RoIPool [12] is a standard operation for extracting a small feature map (e.g., $7 \times 7$) from each RoI. RoIPool first quantizes a floating-number RoI to the discrete granularity of the feature map, this quantized RoI is then subdivided into spatial bins which are themselves quantized, and finally feature values covered by each bin are aggregated (usually by max pooling). Quantization is performed, e.g., on a continuous coordinate x by computing [x/16], where 16 is a feature map stride and [·] is rounding; likewise, quantization is performed when dividing into bins (e.g., 7×7). These quantizations introduce misalignments between the RoI and the extracted features. While this may not impact classification, which is robust to small translations, it has a large negative effect on predicting pixel-accurate masks.

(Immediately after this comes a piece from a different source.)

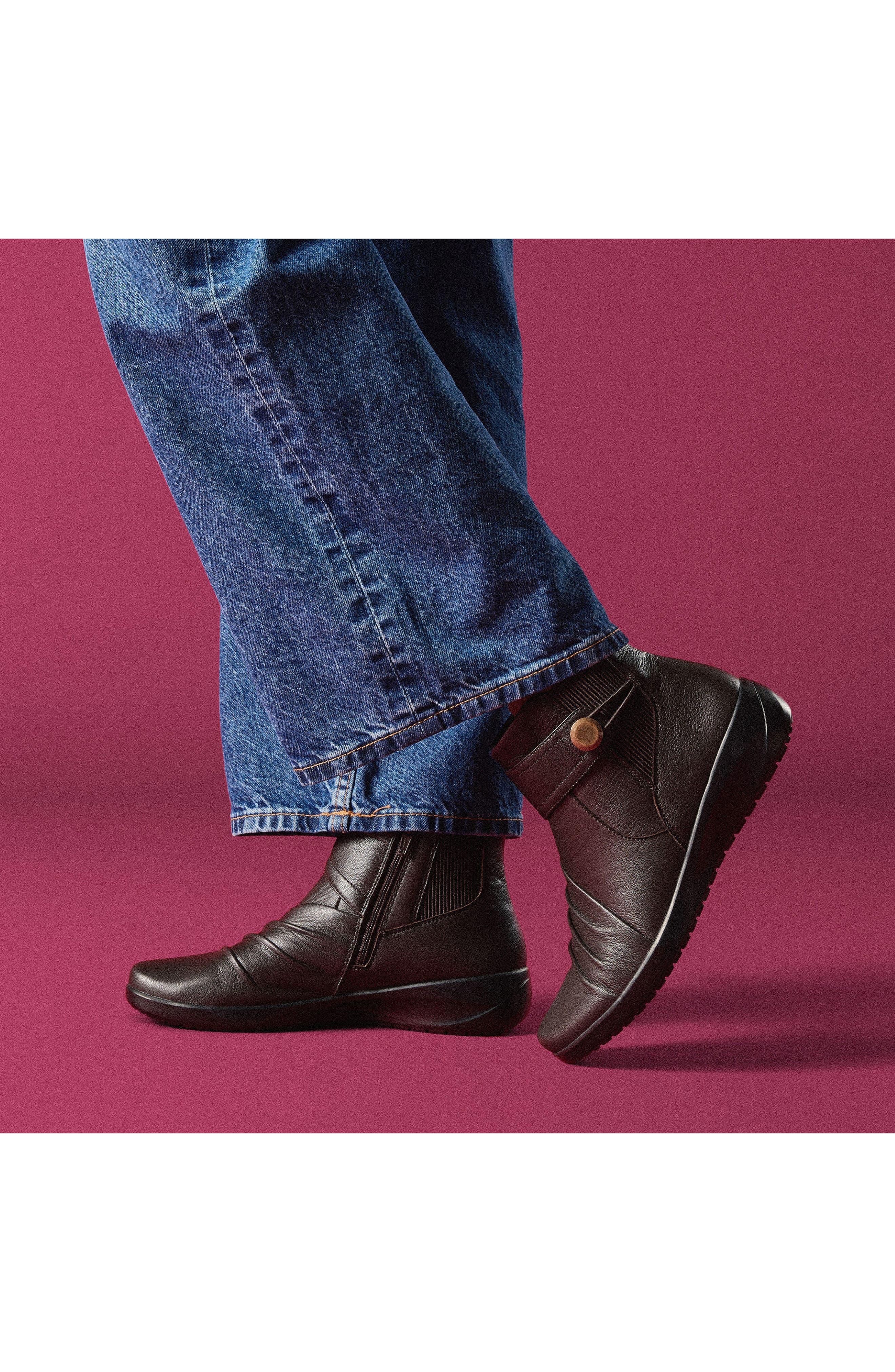 Clarks<sup>®</sup> Katelyn Sara Ankle Boot, Alternate, color, Chocolate Leather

To address this, we propose an RoIAlign layer that removes the harsh quantization of RoIPool, properly aligning the extracted features with the input. Our proposed change is simple: we avoid any quantization of the RoI boundaries or bins (i.e., we use x/16 instead of [x/16]). We use bilinear interpolation [22] to compute the exact values of the input features at four regularly sampled locations in each RoI bin, and aggregate the result (using max or average), see Figure 3 for details. We note that the results are not sensitive to the exact sampling locations, or how many points are sampled, as long as no quantization is performed.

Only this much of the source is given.